Le lecteur retrouve également l'inspecteur Bomby peut-être encore plus négligé que Gus Bomby, avec en plus une hygiène corporelle douteuse, mais son langage corporel est tout autre et indique un état d'esprit bien différent. Le lecteur peut voir qu'il est toujours aussi brutal, et habitué à maltraiter physiquement ses interlocuteurs. Au contraire de Gus Bomby qui donne une impression d'individu décharné, Robby est en surcharge pondérale, peut-être à la limite de l'obésité morbide, mais dans le même temps ses postures sont décidées. Son absence totale de bonne manière dénote un individu totalement insensible à l'inconfort que sa présence génère et chez les autres, une forme d'égocentrisme décomplexé, mais aussi d'acceptation de son incapacité à s'intégrer en société. Cette forme de sans gêne se double d'un esprit perspicace et pénétrant qui rend ses interlocuteurs encore plus mal à l'aise. Du fait de ces éléments visuels révélateurs de la psyché des personnages, le lecteur regarde avec plus d'attention les nouveaux venus pour essayer de lire une partie de leur caractère dans leur apparence et leurs comportements. Einstein retient immédiatement son attention avec ses gestes mesurés trahissant un esprit sur le qui-vive, un individu très conscient de sa personne, un obsédé du contrôle. Cette maîtrise de soi est la manière dont il lutte contre ses délires interprétatifs, ce qui le rend totalement imprévisible en fonction du degré d'efficacité de maîtrise.

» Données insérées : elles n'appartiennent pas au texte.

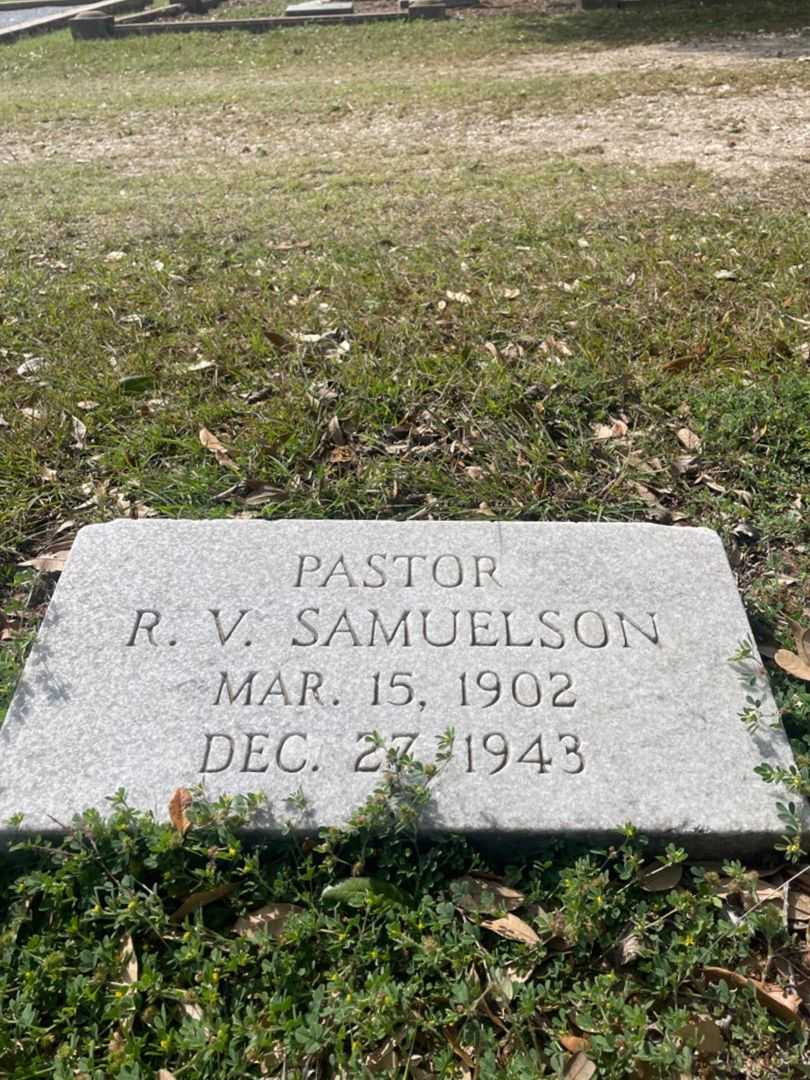 Reverend R. V. Samuelson's grave. Photo 2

Alors que dans les premiers tomes il pouvait ne pas être totalement séduit par la finesse des traits de contour et une forme de froideur des dessins, le lecteur se rend compte qu'il est entièrement sous leur charme vénéneux, fasciné par la description clinique qu'ils composent, par leur degré de précision, par ce qu'ils révèlent. C'est comme si Renaud donnait à voir chaque individu avec une netteté trop crue, sans filtre qui vienne diminuer l'observation pour la rendre plus acceptable, plus tolérable, sans possibilité d'échapper à ce que révèle l'observation. La justesse de la représentation fait exister les personnages, en dépit des conventions du dessin, des traits de contour, des choix opérés pour conserver une lisibilité immédiate à chaque case. L'artiste apporte toujours le même soin à représenter les différents environnements, qu'il s'agisse des aménagements intérieurs (avec la décoration inattendue du salon de l'institut psychiatrique) ou des extérieurs (en particulier la sensation reposante de la promenade sur la plage). S'il y est sensible, le lecteur peut également remarquer plusieurs séquences visuellement très réussies : l'intense concentration d'Einstein observant le coupe-papier, l'incongruité de la dalle de béton du futur pavillon au milieu d'un paysage naturel, l'intimité troublante de la cabine où se change Ronnie Bragman, la présence de l'inspecteur Robbie dans le salon luxueux de Linda Bragman, tellement déplacée qu'elle en devient obscène, la brume sur la plage rendant irréelle la silhouette de cette femme en robe de soirée… Renaud sait rendre naturelle chaque scène, même les plus fabriquées de toute pièce.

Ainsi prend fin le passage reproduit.